TL;DR: Kabisera is an average, earnest drama about extra-judicial killings made better by its timeliness & an outstanding performance from the legendary Nora Aunor.
Kabisera couldn’t have come at a better time. Based on true events, Nora Aunor plays Mercy, the matriarch of a loving, highly respected family in a small town. Her husband Tonying (Ricky Davao) is a virtuous barangay captain with unshakeable resolve, willing to help out people in need. Both of them have raised five children, each with their own problems, from his son pressured to take up nursing at the behest of his father to his other son who accidentally got his girlfriend pregnant. Their lives start to unravel when Tonying becomes a target of assassination, and is subsequently killed by the police who burst into their home without warning. They claim he & his son are members of a gang involved in a string of bloody bank robberies, & he was shot because he supposedly retaliated from the police. Now, Mercy has to keep her family together while seeking justice for her husband’s wrongful death.
This is one of the few movies this year that deals with the subject of extra-judicial killings, an unfortunate facet of Filipino life whose incidents increased since President Rodrigo Duterte took office; the fact it was made this year is pure coincidence, since the script was originally submitted for MMFF 2015 and was snubbed. Its inclusion in MMFF 2016 is very welcome, seeing as the film festival didn’t have room for explicitly political movies in the past. This movie is solely needed, especially after how “The Super Parental Guardians” explicitly tackled the effects of Duterte’s drug war with terrible results.

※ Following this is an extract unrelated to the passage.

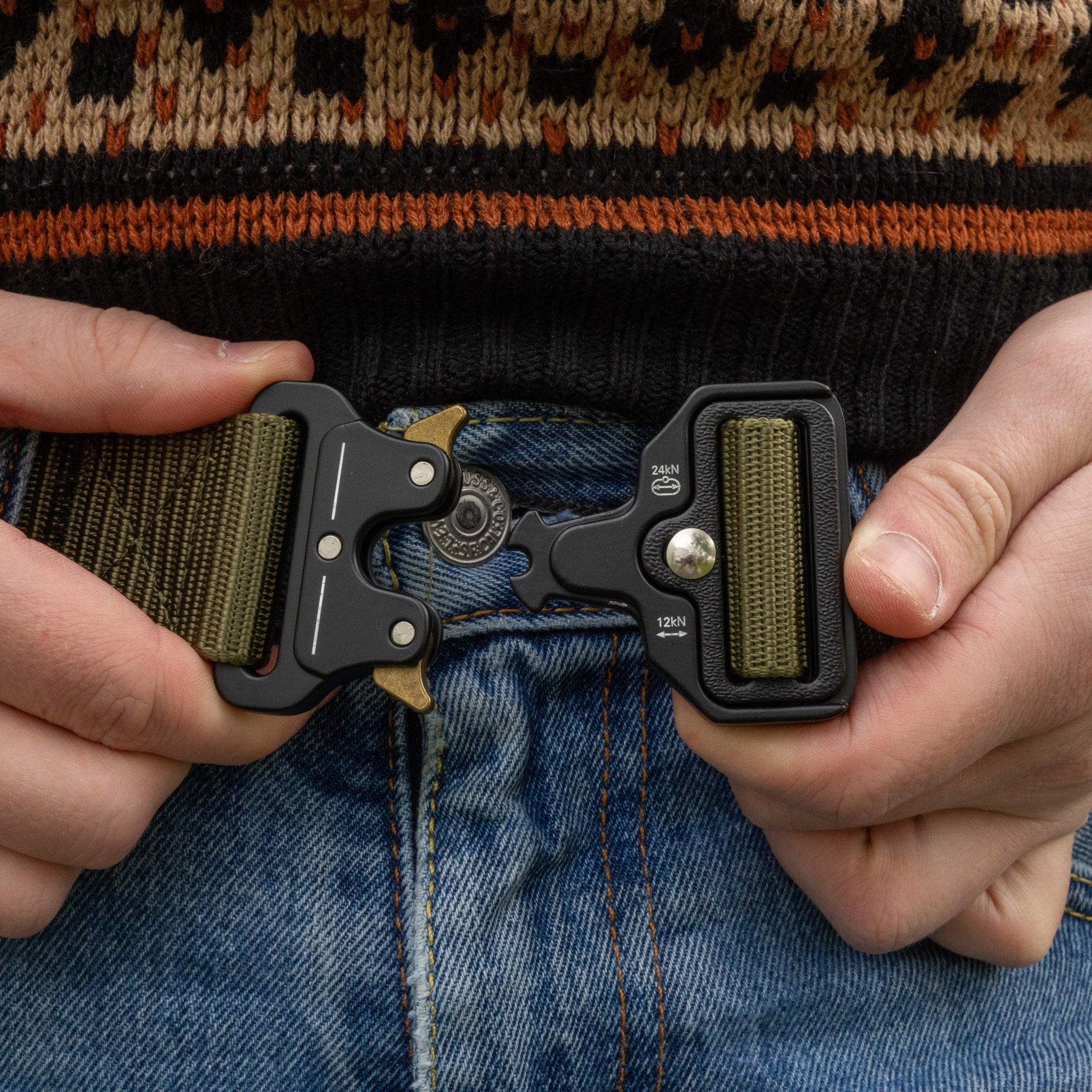 Canvas EDC belt by Americana Pipedream Apparel, showcasing a durable fabric and adjustable buckle in a casual setting.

However, there’s a nagging sense that it could be better. The movie is split between two halves: a courtroom drama & a family drama. While the former fares slightly better, the latter is bogged down by having too many characters who aren’t given equal opportunities to shine. Both stories are hampered by scenes that are either broad or schmaltzy, an overbearing music that wouldn’t be out of place in a primetime soap. It’s the outcome of its earnestness to show the toll of losing someone in a cruel fashion, which is good-intentioned, but it results on a movie intent on recreating real-life events without delving deeper into its characters, making a hollow movie out of a heavy subject.
Still, it rises slightly above competence with the help of its stellar cast, headed by the always dependable Nora Aunor. She gives the movie the subtlety it needs to succeed, even when she’s saying obviously written dialogue. The rest of the cast follows suit with this approach, especially veteran actors like Ricky Davao playing the role of a good-natured, principled father that’s been one of his specialties. The rest of the cast comes this close to overcoming the script, but often flounders. But when the performances are in sync with the movie’s big moments, the results can be magical; where it finally nails its mix of broad theatrics & sincerity. It can be hard not to look away & get swept up by it.
This whole review might make the movie worse than it is, but that’s not the case. It’s a fine movie we sorely need right now, made better by outstanding performances from some of the best Filipino actors working today. Filipino pop culture will certainly deal with this topic in the near future, but for now, it will satiate the needs of those wanting to see horrid state of politics & justice in our country in front of a big screen. It achieves its goals, but it would leave you wanting for more.